Google Health Expands PHRs To Everyone

Don't feel like keying in all the data yourself? Not to worry. Google has "partnered with hospitals, labs, and pharmacies to allow you to import your records.

After a three-month trial, Google has made the tools used in its electronic health records program with the Cleveland Clinic available to anyone. Will you sign up?

I did. Or, at least, I attempted to. Google Health is free and available to anyone with a Google services account. I visited the Google Health page, which contains the bare minimum of information. There was a "take a tour" link, though, so I followed that to learn what Google Health really offers.

The first thing Google wants you to know is that your health information is safe and secure. Google says, "We believe that your health information belongs to you, and you should decide how much you share and whom you share it with. We will never sell your data. We store your information securely and privately." If that is not enough assurance for you, you can read Google's privacy policy for more details, but you might need a lawyer to help figure out all the legalese. I use multiple Google services each and every day, and Google has yet to fail me when it comes to privacy issues. I feel comfortable that Google can handle (at least a portion of) my medical records.

To whit, Google says you can provide as little or as much information about yourself as you want, and cites things such as conditions, medications, and allergies. It provides reference links so you can learn more about any afflictions troubling you. You may also sign up family members.

Don't feel like keying in all the data yourself? Not to worry. Google has "partnered with hospitals, labs, and pharmacies to allow you to import your records and prescription history from healthcare providers that treat you. Linking accounts with these partners is secure. Just identify yourself by signing in at the partner's site with the username and login that you have with them, and then confirm that you want to link accounts and transfer data to Google Health."

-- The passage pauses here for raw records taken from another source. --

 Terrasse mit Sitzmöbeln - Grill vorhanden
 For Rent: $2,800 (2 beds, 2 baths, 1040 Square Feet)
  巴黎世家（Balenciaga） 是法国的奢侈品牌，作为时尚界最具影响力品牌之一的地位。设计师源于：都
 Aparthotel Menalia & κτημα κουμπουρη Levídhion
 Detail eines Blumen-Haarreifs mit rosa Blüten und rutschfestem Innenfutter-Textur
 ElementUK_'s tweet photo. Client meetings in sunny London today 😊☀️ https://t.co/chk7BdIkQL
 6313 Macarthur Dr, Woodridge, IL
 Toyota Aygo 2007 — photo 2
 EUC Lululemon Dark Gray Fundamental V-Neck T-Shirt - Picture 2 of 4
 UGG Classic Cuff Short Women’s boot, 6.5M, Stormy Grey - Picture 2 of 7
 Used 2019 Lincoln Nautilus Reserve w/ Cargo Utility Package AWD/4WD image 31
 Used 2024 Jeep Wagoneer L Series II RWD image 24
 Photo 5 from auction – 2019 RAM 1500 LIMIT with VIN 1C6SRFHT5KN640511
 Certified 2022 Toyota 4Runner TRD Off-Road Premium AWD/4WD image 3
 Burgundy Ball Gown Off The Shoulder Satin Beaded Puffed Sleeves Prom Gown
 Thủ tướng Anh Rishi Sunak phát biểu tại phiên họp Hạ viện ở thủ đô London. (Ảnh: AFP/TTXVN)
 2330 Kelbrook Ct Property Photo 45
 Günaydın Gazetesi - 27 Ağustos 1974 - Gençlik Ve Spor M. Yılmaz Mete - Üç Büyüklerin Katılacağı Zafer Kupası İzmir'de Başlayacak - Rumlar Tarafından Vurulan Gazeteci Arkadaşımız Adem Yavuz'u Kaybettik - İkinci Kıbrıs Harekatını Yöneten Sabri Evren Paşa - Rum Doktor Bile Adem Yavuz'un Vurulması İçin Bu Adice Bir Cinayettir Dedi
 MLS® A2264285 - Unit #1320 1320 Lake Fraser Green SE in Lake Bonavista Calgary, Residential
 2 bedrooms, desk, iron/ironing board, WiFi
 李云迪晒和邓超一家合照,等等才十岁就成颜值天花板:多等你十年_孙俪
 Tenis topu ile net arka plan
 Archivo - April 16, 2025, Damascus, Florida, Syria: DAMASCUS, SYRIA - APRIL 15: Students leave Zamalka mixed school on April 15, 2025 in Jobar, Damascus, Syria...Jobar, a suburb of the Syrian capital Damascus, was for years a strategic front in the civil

This is where my personal journey with Google Health ran into trouble. I have yet to create accounts with my physician and other medical professionals' websites. When I attempted to do this, I ran into some limitations in what my health care providers offer with respect to information via the Web. I would suggest that this is probably going to be the biggest roadblock for most who attempt to use Google Health. Sure, you can enter a lot of detailed information yourself, but you'd be doing so without the official records from your healthcare provider. Having access to your actual health records will be much more valuable.

If you do have access to those records, Google Health offers more benefits. It will allow you to track your medical history, and permit you see a summary or detailed information. Google will also act as a pharmacist, to a certain extent. Google says, "Every time you add new health data to your profile, Google Health will check for potential interactions between your drugs, allergies, and conditions." Not only will it provide counter-indication data, but it allows you to refill prescriptions online.

If you are unhappy with your current doctor, or just want another opinion about something, you can use Google Health to share your medical records with other medical professionals, as well as research new healthcare providers. Says Google, "You can review professional details about doctors or easily view their business locations in Google Maps. You can search for hospitals too. Add all your providers to your medical contacts list so this important information is always close at hand."

I entered some information about my allergies (they were awful last month), and was greeted with a host of links to information about pollens, spores, ragweed, and dozens of other causes of allergies. I've had my allergies long enough to know what cause them and how to deal with them, but it was still nice to have access to this sort of information linked to my own records. If you have ever used a third-party site such as WebMD to gather health information, Google Health can be a partial substitute, as long as you're willing to share some info about yourself. WebMD obviously allows you to search for health information anonymously.

In the end, I think the success or failure of this program will hinge on two factors. First, people will have to be comfortable with providing their health information online. This is a big leap for many. While online banking has become commonplace, most people are not yet using someone else's servers to safeguard their most private information. This will take time. Second, Google needs to continue to expand its partnerships with health care providers, and your own health care providers will need to realize that patients want and need access to their accounts online.